Nanny and Child, by Eva Gonzalès

At first glance, this enigmatic and fascinating novel (Le Fifre, Écriture, 2015), beautifully translated into English by Annie Heminway and Ellen Sowchek, seems quite conventional, even banal—another tale of illicit love. Indeed, are not all narratives about passionate love merely repetitions, ad nauseam, poorly or ably executed, of the archetypal and universal story that is exemplified by the myth of Tristan and Isolde? Nevertheless, once the reader becomes aware of the novel’s place in the mythopoetic context of Western literature, a striking irregularity, so to speak, appears: here we find no femme fatale, such as Goethe’s Charlotte in The Sorrows of Young Werther, or the female vampire of paranoid folklore. No, Eva Gonzalès, who was first Édouard Manet’s disciple and then his lover, is, above all, a magnificent artist who happens to be spellbound by passionate love—embodied by her teacher. It is, in fact Manet, who, as homme fatal, leads us to the vampire legend.
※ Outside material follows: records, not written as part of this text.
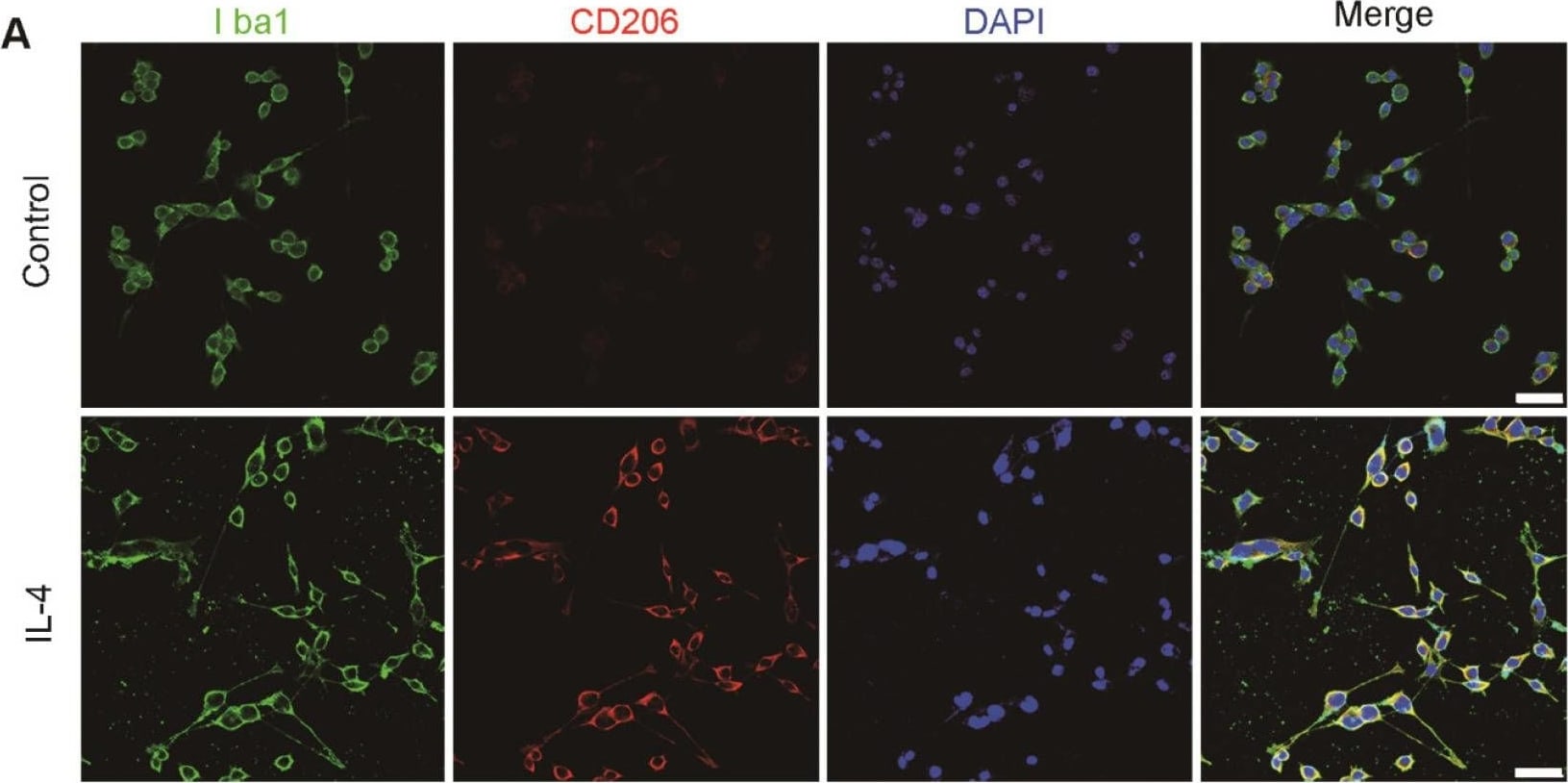 Mouse MMR/CD206 Antibody AF2535: R&D Systems
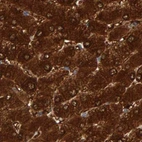 Immunohistochemical staining of human liver using Anti-CTH antibody HPA023300.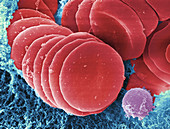 Human Red Blood Cells,SEM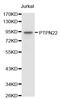 Protein Tyrosine Phosphatase Non-Receptor Type 22 antibody, LS-C331447, Lifespan Biosciences, Western Blot image 
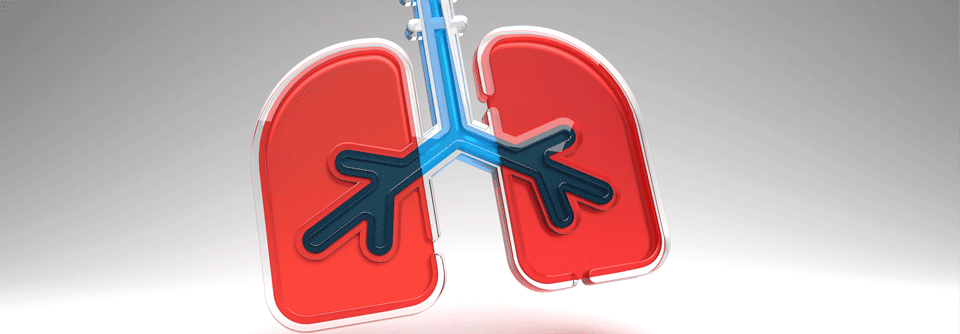 Checkpoints effektiv inhibieren Das NSCLC gehört zu den Tumoren, die oft eine hohe Mutationslast aufweisen.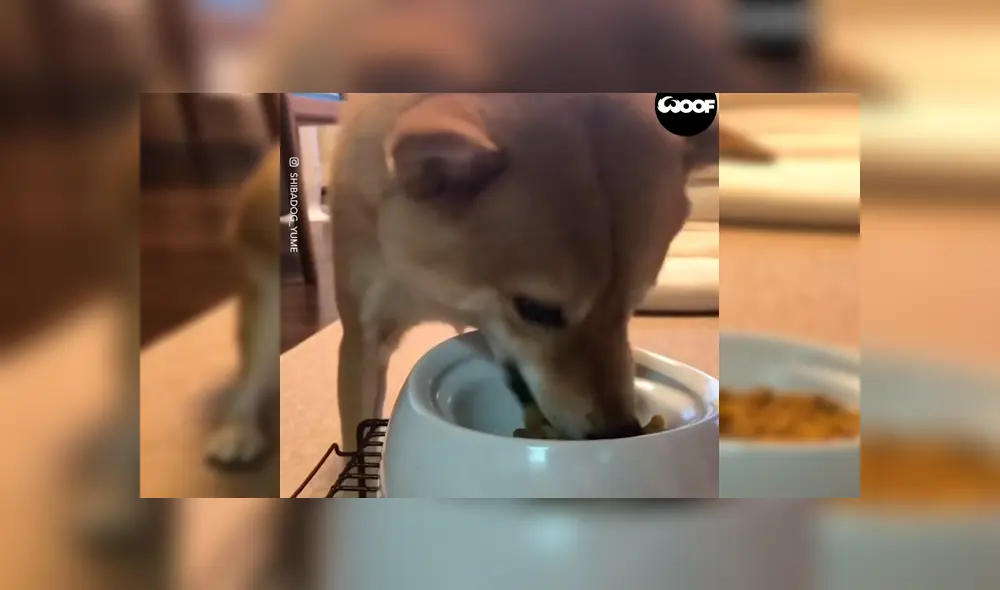 Desliza para ver el desenlace de este video viral publicado en YouTube. Foto: Captura.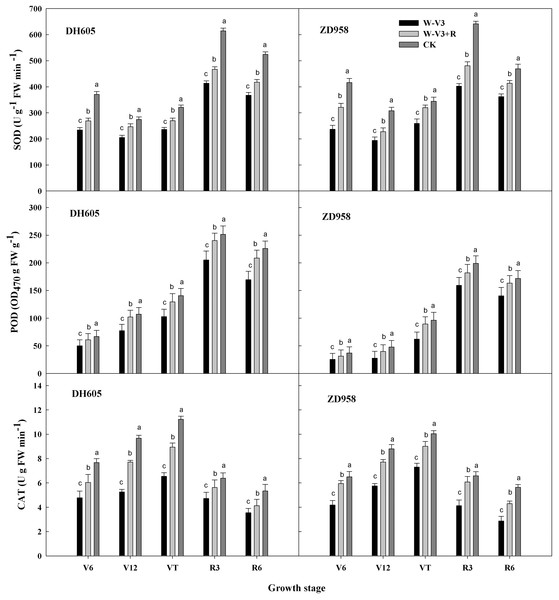 Ridge tillage increased the activity of leaf protective enzyme of waterlogged summer maize.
The reader is reminded of Wilhelm, the dead horseman of Gottfried August Bürger’s poem Lenore (masterfully translated by Dante Gabriel Rossetti), an emblematic representation of vampirism in Western literature. And it should be noted that while the journey of Lenore, who follows her lover, does not last more than one night, the passion of Eva, who dedicates herself to Manet, is a lifelong fascination.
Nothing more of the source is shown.